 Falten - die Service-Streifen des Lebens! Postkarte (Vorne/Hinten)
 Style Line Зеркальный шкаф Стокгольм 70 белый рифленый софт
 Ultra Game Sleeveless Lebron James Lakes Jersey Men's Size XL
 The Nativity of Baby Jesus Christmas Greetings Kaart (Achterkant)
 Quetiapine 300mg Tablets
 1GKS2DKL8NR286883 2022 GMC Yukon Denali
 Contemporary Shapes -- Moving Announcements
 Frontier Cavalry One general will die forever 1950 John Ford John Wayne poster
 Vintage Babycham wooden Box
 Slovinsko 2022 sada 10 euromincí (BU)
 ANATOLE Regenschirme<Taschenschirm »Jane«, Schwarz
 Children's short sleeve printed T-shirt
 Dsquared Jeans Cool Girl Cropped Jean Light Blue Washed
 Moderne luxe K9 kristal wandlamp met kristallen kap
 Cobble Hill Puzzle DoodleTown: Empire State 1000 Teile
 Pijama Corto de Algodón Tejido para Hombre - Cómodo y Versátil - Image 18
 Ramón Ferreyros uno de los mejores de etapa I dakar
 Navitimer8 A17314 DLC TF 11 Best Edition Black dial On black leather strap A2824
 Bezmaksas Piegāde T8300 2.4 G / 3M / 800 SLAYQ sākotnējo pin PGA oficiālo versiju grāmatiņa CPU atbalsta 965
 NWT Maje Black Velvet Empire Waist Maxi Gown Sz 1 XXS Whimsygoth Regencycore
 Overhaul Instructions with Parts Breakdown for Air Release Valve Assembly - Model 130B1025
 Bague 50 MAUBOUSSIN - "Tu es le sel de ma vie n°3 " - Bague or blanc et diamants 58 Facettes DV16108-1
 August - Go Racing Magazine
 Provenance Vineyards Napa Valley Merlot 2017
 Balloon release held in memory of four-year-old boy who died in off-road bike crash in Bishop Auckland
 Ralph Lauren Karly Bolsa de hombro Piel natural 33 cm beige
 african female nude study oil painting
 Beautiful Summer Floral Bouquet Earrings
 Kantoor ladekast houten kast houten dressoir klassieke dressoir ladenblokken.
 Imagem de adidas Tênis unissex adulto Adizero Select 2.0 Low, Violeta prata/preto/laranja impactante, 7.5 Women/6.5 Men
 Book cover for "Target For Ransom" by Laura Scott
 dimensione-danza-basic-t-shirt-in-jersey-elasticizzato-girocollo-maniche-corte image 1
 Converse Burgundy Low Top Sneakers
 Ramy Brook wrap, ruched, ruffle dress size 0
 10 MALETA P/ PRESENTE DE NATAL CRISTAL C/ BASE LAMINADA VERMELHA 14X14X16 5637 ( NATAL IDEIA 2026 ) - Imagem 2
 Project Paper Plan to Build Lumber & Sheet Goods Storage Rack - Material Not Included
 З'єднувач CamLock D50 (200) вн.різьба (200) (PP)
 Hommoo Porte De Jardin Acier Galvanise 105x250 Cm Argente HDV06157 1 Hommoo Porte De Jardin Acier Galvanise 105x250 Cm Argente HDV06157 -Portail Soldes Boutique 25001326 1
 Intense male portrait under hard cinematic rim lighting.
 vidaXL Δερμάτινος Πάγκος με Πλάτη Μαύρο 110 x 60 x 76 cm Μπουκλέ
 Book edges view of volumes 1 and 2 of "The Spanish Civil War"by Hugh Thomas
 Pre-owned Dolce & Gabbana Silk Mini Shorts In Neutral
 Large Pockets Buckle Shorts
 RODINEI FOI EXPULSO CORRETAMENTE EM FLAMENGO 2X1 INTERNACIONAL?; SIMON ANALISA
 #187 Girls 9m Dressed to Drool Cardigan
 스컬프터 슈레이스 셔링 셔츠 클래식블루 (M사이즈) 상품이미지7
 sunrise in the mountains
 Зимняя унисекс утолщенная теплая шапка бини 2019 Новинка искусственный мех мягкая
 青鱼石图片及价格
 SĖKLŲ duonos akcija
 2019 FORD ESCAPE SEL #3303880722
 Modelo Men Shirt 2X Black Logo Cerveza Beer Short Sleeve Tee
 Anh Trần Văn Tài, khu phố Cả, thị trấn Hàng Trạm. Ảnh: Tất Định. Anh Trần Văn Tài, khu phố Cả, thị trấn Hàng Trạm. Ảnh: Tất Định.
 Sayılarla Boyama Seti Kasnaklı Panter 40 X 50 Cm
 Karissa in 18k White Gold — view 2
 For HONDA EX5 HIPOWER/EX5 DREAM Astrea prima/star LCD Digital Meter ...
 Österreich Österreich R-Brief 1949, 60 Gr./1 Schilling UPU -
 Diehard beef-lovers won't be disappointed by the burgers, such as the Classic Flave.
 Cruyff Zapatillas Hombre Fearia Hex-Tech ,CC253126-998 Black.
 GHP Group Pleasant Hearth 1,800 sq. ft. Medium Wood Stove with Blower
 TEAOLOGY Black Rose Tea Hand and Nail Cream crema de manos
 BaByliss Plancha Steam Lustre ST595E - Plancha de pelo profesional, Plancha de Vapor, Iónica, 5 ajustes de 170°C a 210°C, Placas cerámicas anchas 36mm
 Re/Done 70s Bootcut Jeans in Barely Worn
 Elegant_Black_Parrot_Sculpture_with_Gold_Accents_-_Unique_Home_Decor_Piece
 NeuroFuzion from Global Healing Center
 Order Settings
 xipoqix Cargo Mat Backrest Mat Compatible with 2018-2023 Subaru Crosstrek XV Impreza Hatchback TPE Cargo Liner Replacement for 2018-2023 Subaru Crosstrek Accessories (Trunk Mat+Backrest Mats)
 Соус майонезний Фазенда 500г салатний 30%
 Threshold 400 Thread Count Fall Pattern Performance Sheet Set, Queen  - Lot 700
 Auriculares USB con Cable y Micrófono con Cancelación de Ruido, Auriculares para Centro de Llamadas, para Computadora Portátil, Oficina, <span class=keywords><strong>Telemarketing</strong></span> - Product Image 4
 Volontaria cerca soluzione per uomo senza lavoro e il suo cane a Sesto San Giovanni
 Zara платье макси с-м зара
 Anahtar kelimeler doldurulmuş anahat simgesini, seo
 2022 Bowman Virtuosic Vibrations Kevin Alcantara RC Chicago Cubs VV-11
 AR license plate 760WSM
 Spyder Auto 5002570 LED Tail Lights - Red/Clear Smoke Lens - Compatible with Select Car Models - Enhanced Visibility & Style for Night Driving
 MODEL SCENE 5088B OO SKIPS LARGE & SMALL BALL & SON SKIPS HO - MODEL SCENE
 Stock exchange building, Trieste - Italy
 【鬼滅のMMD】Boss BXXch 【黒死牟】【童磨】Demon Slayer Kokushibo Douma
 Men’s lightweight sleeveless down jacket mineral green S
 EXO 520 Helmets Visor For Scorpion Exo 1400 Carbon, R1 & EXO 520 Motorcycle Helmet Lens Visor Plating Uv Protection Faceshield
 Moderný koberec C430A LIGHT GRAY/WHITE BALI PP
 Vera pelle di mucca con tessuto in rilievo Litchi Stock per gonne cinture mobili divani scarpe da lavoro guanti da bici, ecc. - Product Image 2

## Task to carry out
Among the entries, find every line holding "Style" and return it.

## Task answer
 Style Line Зеркальный шкаф Стокгольм 70 белый рифленый софт
 Spyder Auto 5002570 LED Tail Lights - Red/Clear Smoke Lens - Compatible with Select Car Models - Enhanced Visibility & Style for Night Driving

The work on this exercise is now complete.